How can the Economist -- expensive, few ads, limited online presence -- be thriving in the digital age when so many other weekly news magazines are in trouble? The Atlantic makes an intriguing point about the value of insight as opposed to simply offering lots of info:
Now that information is infinitely replicable and pervasive, original reporting will never again receive its due. The real value of the Economist lies in its smart analysis of everything it deems worth knowing—and smart packaging, which may be the last truly unique attribute in the digital age.
I'm not sure I'd go that far. Someone still has to go out there and do original reporting. But "original reporting" is not stenography. The task of relating informaiton from a press conference or event has become commodity news, and that field is overcrowded. Now that it's so easy to see reports from so many sources about, say, a presidential press conference or major vendor product announcement, you can find hundreds of similar stories about such things. How many are actually needed? Some, without question. But I doubt we need the number we have now.

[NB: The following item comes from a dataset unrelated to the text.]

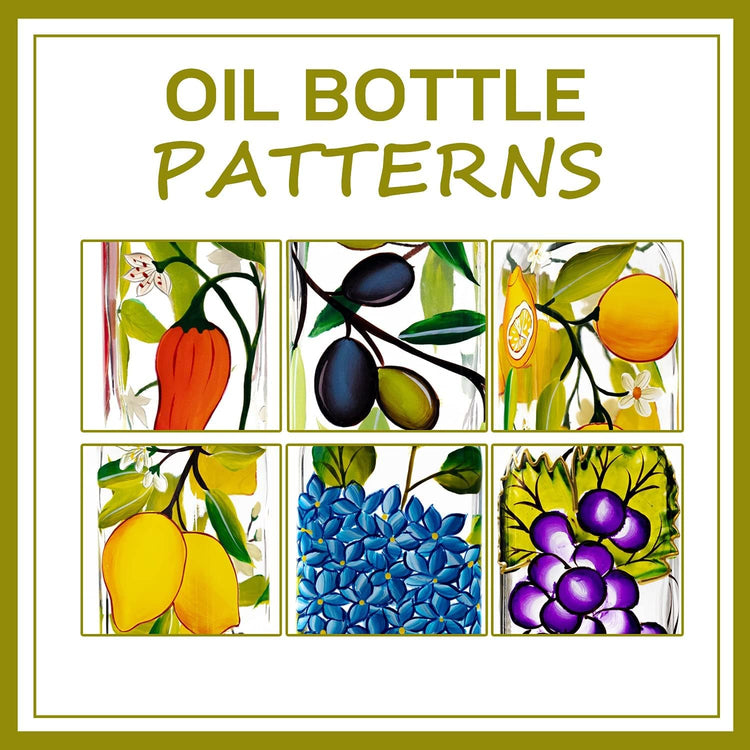 17oz Hand Painted Glass Olive Oil Bottle Dispenser- 500ml Green Oil & Vinegar Cruet with Pourers - Olive Oil Carafe Decanter for Kitchen (olive)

Successful publishers must either find less crowded niches or more useful way of serving broader markets. Those who want to play in the breaking news space must also deliver authoritative, useful analysis. That's also "original reporting."
The biggest favor we can do for our audience is to help them deal with information overload. People already have plenty of random acts of information. Ultimately, we need to respond to the same questions I was asking reporters to answer 20 years ago:
Why does this matter?
Those are the questions the Economist helps its readers answer, and what those of us publishing in any format must address if we expect our audience to invest their time in what we do.